By Stephen Landry
ASHBURNHAM — Next stop, creativity!
Students in Ashburnham and Westminster schools will be invited to fire up their problem-solving skills as Destination Imagination makes its return to the district after nearly 20 years.
“This program will teach students to work under pressure and manipulate materials in order to solve a challenge,” explained Karen Cloutier, the program’s affiliate director for Central Mass. She compared the tasks students will undertake to that facing the NASA officials who worked around the clock to save the Apollo 13 astronauts after one of their oxygen tanks exploded in space. The scientists on the ground were forced to find an improvised solution using a very limited supply of materials.
“It’s these types of challenges that we’re giving students and it’s, more importantly, those types of skills they’ll be learning,” Cloutier said.
The program, a worldwide educational nonprofit, is aimed at providing students an opportunity to acquire and practice the skills they will need to thrive in class, their future careers, and beyond by teaming up and using their ingenuity to solve a variety of Offered in 44 states and in 20 countries, the program is aimed at helping students develop an understanding of the creative process while finding innovative solutions to problems, according to Cloutier.
She added that the trial-and-error nature of the process provided by Destination Imagination gave the students an opportunity to fail a few times — without fear of the consequences — while on the path to success.
Teams of between two and six students will choose to take part in one of six challenge categories: technical, scientific, engineering, fine arts, improvisational, and service learning, in which students will identify a problem in their community and develop ways to address it. A non-competitive early learning challenge will be available to students from preschool to second grade, and is designed to encourage children to be creative, learning simple building and construction, and become comfortable working in teams.
School Librarian Jenna Morin, who will serve as the program’s district coordinator, said she had participated in Destination Imagination as a student in Colorado and Virginia. “I started (in the program) when I was young and even though I was active in dancing and playing sports, (Destination Imagination) is what gave me the skills that I have taken with me,” Morin said. She said she hoped the program would spread to other schools in the area.

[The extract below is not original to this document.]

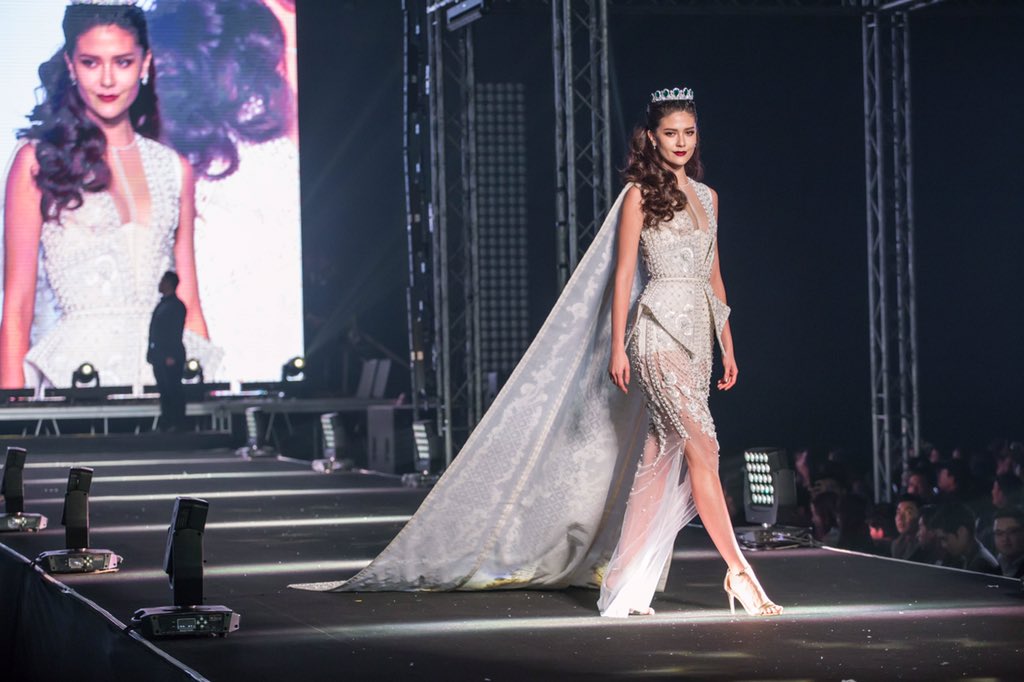 mo2damax's tweet photo. 20180111 Fashion Show from Hivesalon "HIVE LIFE" by L'Oreal Professional at Gmm live house Central world #hivesalon  #pleasetakeoutwithfullcredit #facebookmo2damax #MissUniverseThailand #marialynnehren https://t.co/8SFJwCGTuZ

The program, which will begin in the fall and continue through the 2019-2020 school year, will see students competing against nearly 600 other teams in the state in six regional tournaments next March. A state tournament will determine which teams will move on and compete in the Global Finals in May.
Jordan Cormier, who took part in the program while a student at Oakmont in the 1990s, said Destination Imagination had provided him with an opportunity to tackle and solve technical and engineering problems at time in which there were not many robotics competitions in the area.
“This program gave technical-minded individuals to have an outlet and feel good by competing in something,” Cormier said. He added that the school stopped hosting Destination Imagination shortly after he graduated in 1999, but said that didn’t stop his involvement in the program. Cormier currently serves as the International Challenge Master for the program’s technical challenge, meaning teams competing from around the world will face a diabolical technical puzzle of his own design.
“I am tremendously thankful to see Destination Imagination coming back to the school,” Cormier said. “It’s a very nostalgic thing to see my school system come back into the program that has meant so much to me.”